One byproduct of the House January 6 committee’s detailed examination of Donald Trump’s attempted election coup was a bipartisan recognition that the creaky Electoral Count Act of 1887, which governs the finalization of presidential elections, needs to be reformed. It’s generally agreed that the moment of greatest peril for democracy occurred when Trump tried to pressure Vice-President Mike Pence into either reversing or delaying confirmation of Joe Biden’s victory under the weird theory (cooked up by Trump co-conspirator John Eastman) that under the ECA the vice-president has plenary powers to count or not count electoral votes regardless of state certifications of the popular vote winner. Pence refused, fortunately, but that and other hazy aspects of the ECA involving challenges to state certifications in Congress and the possibility of fake electors are far overdue for a rewrite.
The Senate and House have passed different versions of an ECA reform bill, though both would rule out what Trump wanted Pence to do while making it a lot harder for Congress to reverse elections as well. The Senate bill has bipartisan support (its original co-sponsors are Republican Susan Collins and Democrat Joe Manchin), which is why negotiations over a vast $1.7 trillion omnibus appropriations bill have included that version of the ECA reform language. That bill is currently racing toward enactment before federal funding runs out on December 23. There’s a chance the omnibus won’t be approved (for one thing, House Republicans won’t vote for it because their leverage over spending decisions goes up once they take over the chamber in January), and if that happens, ECA reform will lapse again until the next Congress. That would be bad.

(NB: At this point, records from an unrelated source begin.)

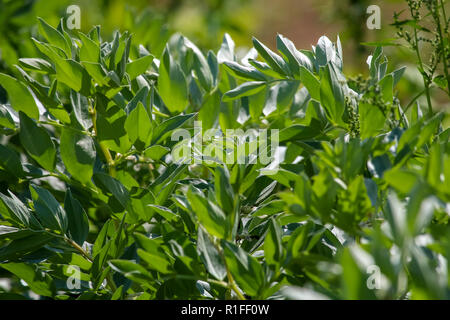 Broad beans plant in the garden. Broad bean plant in Latvia. Background of broad beans. Broad beans plants on the field in summer day. Stock Photo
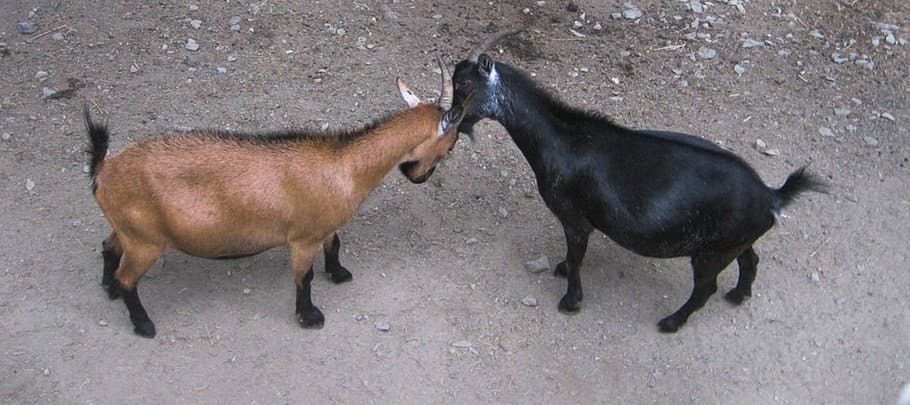 Tits, Goat, Cap, Battle, Animals, nature, wildlife, mammal HD wallpaper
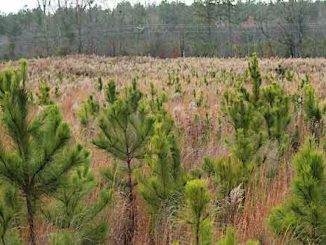 pine-trees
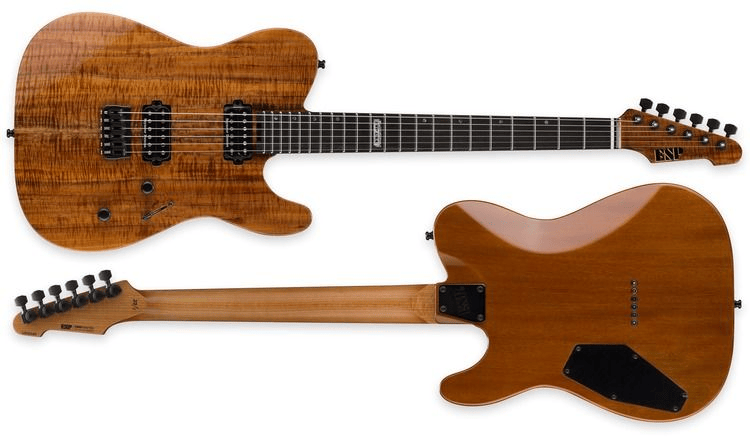 ESP USA TE-II HT Koa - Natural | Sweetwater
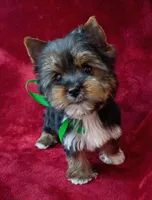 AKC Oreo Ch. Bloodlines , a male Yorkshire Terrier for sale in Pembroke Pines, FL – 1 of 4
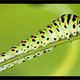 Chenille de machaon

One potential obstacle to GOP support for ECA reform has been Donald Trump’s assumed hostility. He attacked reform efforts last January, thoughEastman’s actual position during the crisis over Pence’s options was that the Electoral Reform Act is unconstitutional. (The vice-president’s alleged power to change the election is grounded in the constitutional provisions requiring the veep to count electoral votes, not in any mere statute.)
Now it seems Trump is meh on the whole subject, as indicated by this new Truth Social post:
I don’t care whether they change The Electoral Count Act or not, probably better to leave it the way it is so that it can be adjusted in case of Fraud, but what I don’t like are the lies and “disinformation” put out by the Democrats and RINOS. They said the Vice President has “absolutely no choice,” it was carved in “steel,” but if he has no choice, why are they changing the law saying he has no choice?
It’s a pretty dumb argument. “They” are “changing the law” because people like Trump and Eastman tried to twist it into a recipe for vice-presidential insurrection. It’s a clarification, not a substantive change, and it hardly proves Trump was right in the first place.
But the good news is that Trump says he really doesn’t much care whether it passes or not. So in case any sensitive MAGA souls get into a position to kill or confirm these reforms, they don’t need to worry about thunderbolts from Mar-a-Lago.